Komisch, dass sich in Europa kaum ein Gegengewicht etablieren kann, bisschen Xing und Studi VZ vielleicht, eine Dosis Linux im OS-Bereich... Aber Yandex in Russland, Baidu in China..es ist permanent Bewegung im großen IT-Spiel.
Solange wir mit unserem gemeinnützigen und internationalem Projekt http://www.memoro.org/de dort zu finden sind, soll es mir recht sein ;-)
Wie lange kann solch eine Geschäftsidee gutgehen? Spätestens in 3 Jahren haben die 11-Klässler eine neue Spielwiese, Facebook ist plötzlich megaout und die verbliebenen Werbekundinnen maximal noch für den Otto-Versand interessant ...
Wer kennt noch AOL oder Yahoo? Die waren auch mal "wertvoller" als die Volkswagen AG. Alles schnell vergänglicher Bullshit!
Fritz II
...sobald es schick wird sich im Netz nicht mehr an jeder Ecke zu finden, wenn die Menschen wieder Lust auf Privatsphäre haben kommt der fall. Das Lustige ist immer wenn große Konzerne Jahre später nachdem einer mit etwas gut fuhr meinen der Zug wäre noch bespringbar. Facebook wird wohl überleben, was vor allem am Namen liegt. Alte Netzwerke siechen dahin, oegal ob StudiVZ oder auch XING etc... (ja, ich weiss dezent andere Ausrichtung). Neue aber haben ohne neue Ideen keine Chance. Google hat soviel richtig gemacht, ich finde es töricht sich selbst jetzt zu kritisieren nur weil man nicht auf allen Feldern des Spielfelds der global player ist. Klar, ein Riese frisst den anderen. Aber irgendwo baut sich dieser Tage, vermutlich wieder in einer Garage ein neuer Riese aúf, der alle anderen frisst. Auch Facebook ist nicht der Reichheit letzter Schluß, wetten. Im Gegentei. Netzwerke sind wie Mode, etwas dass einen recht wackligen Stand hat. Suchen wie bei google wird man immer. Aber der Hang zur Selbstdarstellung und anonymen Freunden die keine sind, das ist Zeitgeist mauer Sorte.
Nur meine Meinung natürlich. Nicht mehr, nicht weniger. :)
Ist schon komisch, alle diese Internetmagnete wie Wikipädia, youtube, facebook, ebay, und auch google selbst, wurden das, was sie sind, ohne augeklügelte Werbstrategien, ohne massiven Kapitaleinsatz. Und alle Versuche der Verlage solche Erfolgsgeschichten selbst zu schreiben blieben erfolglos. Ich erinnere an Lycos. Vielleicht wollen die User keinem "Sozial-Dings" von Haribo beitreten. Sie hassen Werbung und wolllen sich nicht vereinnahmen lassen. Sie wollen frei sein. Aber keine Angst liebe Medienindustrie, für euch fallen noch genug Brosamen ab.

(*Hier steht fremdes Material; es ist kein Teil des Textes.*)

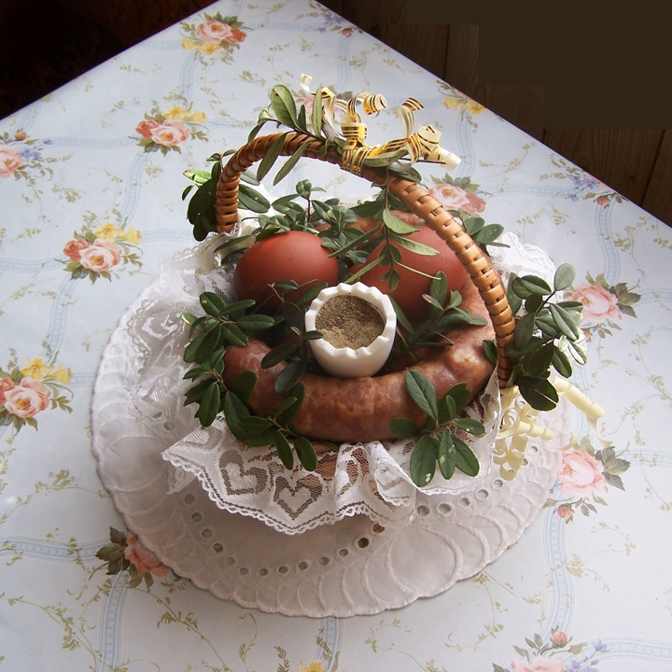Kaszanka — Polish blood sausage made of pork blood, liver, lungs and fat with kasha, spiced with onion, pepper and marjoram. Kiełbasa — sausage is a staple of Polish cuisine and comes in dozens of varieties: smoked or fresh, made with pork, beef, turkey, lamb, or veal, with every region having its own specialty.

"Inzwischen bekommt Facebook deutlich mehr Klicks als Google - und weiß weit über Hunderte Millionen potentielle Werbekunden mehr als der Suchmaschinenkonzern."

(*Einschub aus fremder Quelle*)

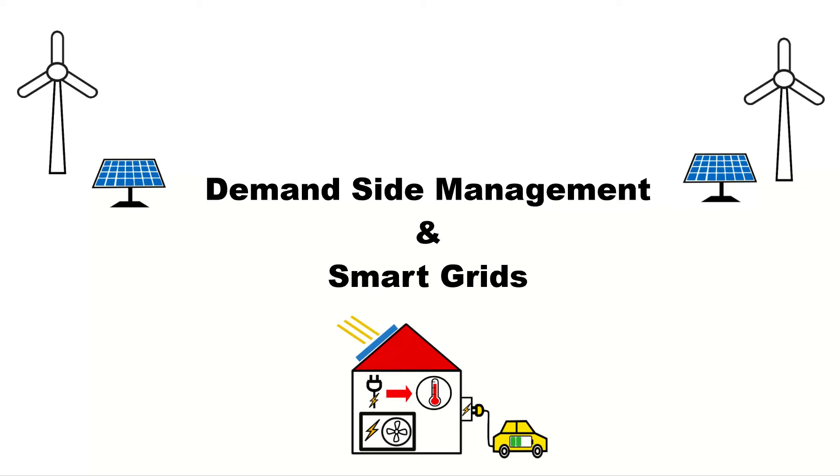Hi guys, my name is Thomas and in this video I'm going to talk about demand-side management and smart grids that are essential for future sustainable energy systems.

Soll es heissen Facebook weiß weit MEHR über Hunderte Millionen Werbekunden?
Wobei Werbekunde für User einfach falsch ist - und hunderte Millionen Werbekunden hat auch Facebook nicht.

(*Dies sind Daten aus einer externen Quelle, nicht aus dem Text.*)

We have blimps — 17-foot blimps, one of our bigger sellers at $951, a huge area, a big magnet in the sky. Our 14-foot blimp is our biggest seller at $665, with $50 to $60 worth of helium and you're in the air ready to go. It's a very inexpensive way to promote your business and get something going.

Für mich klingt das nach reiner Gier. Als ob ein Schuster sich selbst vorwirft, kein Parkett verlegen zu können. Nicht umsonst heißt es doch so schön: Schuster bleib bei deinem Leisten und Hochmut kommt vor dem Fall. Altmodisch, aber wer den Hals nicht vollkriegen kann, weil er unbedingt auf allen Hochzeiten tanzen will, muß sich später nicht wundern, wenn der Absturz kommt.